Monday, February 08, 2016

California claims for injunctive relief can't be remanded after CAFA removal

Mezzadri v. Medical Depot, Inc., 113 F. Supp. 3d 1061 (S.D. Cal. 2015)
 
The rule against claim-splitting clashes with the injustice of the ability of a defendant to destroy a form of relief by removing a complaint from state to federal court, and the rule against claim-splitting wins.  Mezzadri filed a class action claim against Medical Depot for allegedly falsely marketing full-body patient slings, asserting the usual California claims in state court.  Mezzadri sought injunctive as well as monetary relief; Medical Depot removed under CAFA.  Mezzadri sought remand on the injunctive relief claims, because federal courts often (not always) hold that they lack Article III jurisdiction over injunctive relief in consumer protection claims, where the named plaintiff’s knowledge of the untruth makes future injury to the named plaintiff unlikely.
 
California allows injunctive relief if there is a likelihood that the harm will reoccur, even if the harm will not reoccur to the particular named plaintiff. In re Tobacco II Cases, 207 P.3d 20 (Cal. 2009) (“An injunction would not serve the purpose of prevention of future harm if only those who had already been injured by the practice were entitled to that relief.”).  In Lee v. American Nat’l Ins. Co., 260 F.3d 997 (9th Cir. 2001), the 9th Circuit held that, in a diversity action removed from state court, the entire case does not need to be remanded if the plaintiff lacks Article III standing as to one of several defendants. However, the court stated in dicta that a case that is “properly removed in its entirety may  nonetheless be effectively split up when it is subsequently determined that some claims cannot be adjudicated in federal court” and that a partial remand might be appropriate where dismissal would require the plaintiff to forfeit an otherwise viable state-law claim.  Machlan v. Procter & Gamble Co., 77 F. Supp. 3d 954 (N.D. Cal. 2015), made just such a partial remand for injunctive relief on similar California consumer protection claims.  Machlan relied on Carnegie–Mellon University v.
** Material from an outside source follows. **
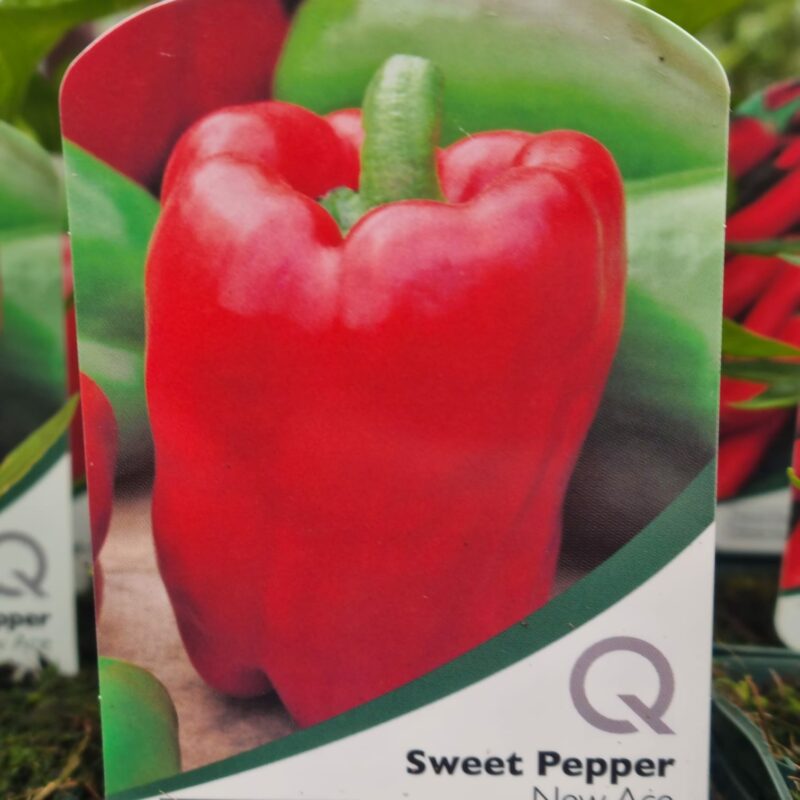 Sweet-Pepper-New-Ace-10-cm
Cohill, 484 U.S. 343 (1988), which allowed a federal court to remand to state court a removed case upon a proper determination that retaining jurisdiction over the case would be inappropriate.  Otherwise, the case could get stuck in a perpetual loop of costly re-filing in state court, then removal, then dismissal by the federal court, preventing adjudication on the merits.  Machlan concluded that “[a]llowing a defendant to undermine California’s consumer protection statutes and defeat injunctive relief simply by removing a case from state court is an unnecessary affront to federal and state comity.”
 
The court sided with Medical Depot. The case was properly removed under CAFA, and the court had subject matter jurisdiction over the California claims.  “CAFA’s policy in favor of litigating interstate class actions in federal court trumps the general presumption against removal jurisdiction,” even if the federal court lacks power to decide on injunctive relief. Moreover, under California’s primary rights theory, a cause of action is comprised of a primary right of the plaintiff, a corresponding primary duty of the defendant, and a wrongful act by the defendant constituting a breach of that duty.  A single violation of a primary right gives rise to a single cause of action; injunctive relief is not a separate cause of action.  (Fair enough, but have California courts made this holding when, because of federal law, injunctive relief is not available in federal court but would be in state court?)  Primary right doctrine prevents claim-splitting except in extraordinary cases.  (Which I’d say this is.)
 
Medical Depot argued that a partial remand would require both the federal and state courts to simultaneously adjudicate the same causes of action based on the same underlying acts.  Mezzadri responded that the remanded case would be stayed pending the resolution of the federal case, and res judicata would apply to any issues adjudicated on the merits.
 
The court concluded that splitting the cause of action from the remedy was different than splitting causes of action from a case.   “This effectively distinguishes much of the authority cited, including Lee, which discussed the possibility of splitting claims in the context of all claims against one defendant being sent to state court while all claims against the other defendant remained in federal court.”  Without subject matter jurisdiction over injunctive relief, the court couldn’t remand and “direct the state court’s actions regarding that relief.”  While Machlan was on all fours, it was “unworkable once a federal court has determined that subject matter jurisdiction does not exist.”  Instead, the request for injunctive relief must simply be dismissed.  Ses Lee, 260 F.3d at 1001–02 (“[A] plaintiff whose cause of action is perfectly viable in state court under state law may nonetheless be foreclosed from litigating the same cause of action in federal court, if he cannot demonstrate the requisite injury.”).  Mezzadri might well be able to refile in state court, but that claim-splitting result wasn’t the federal court’s problem.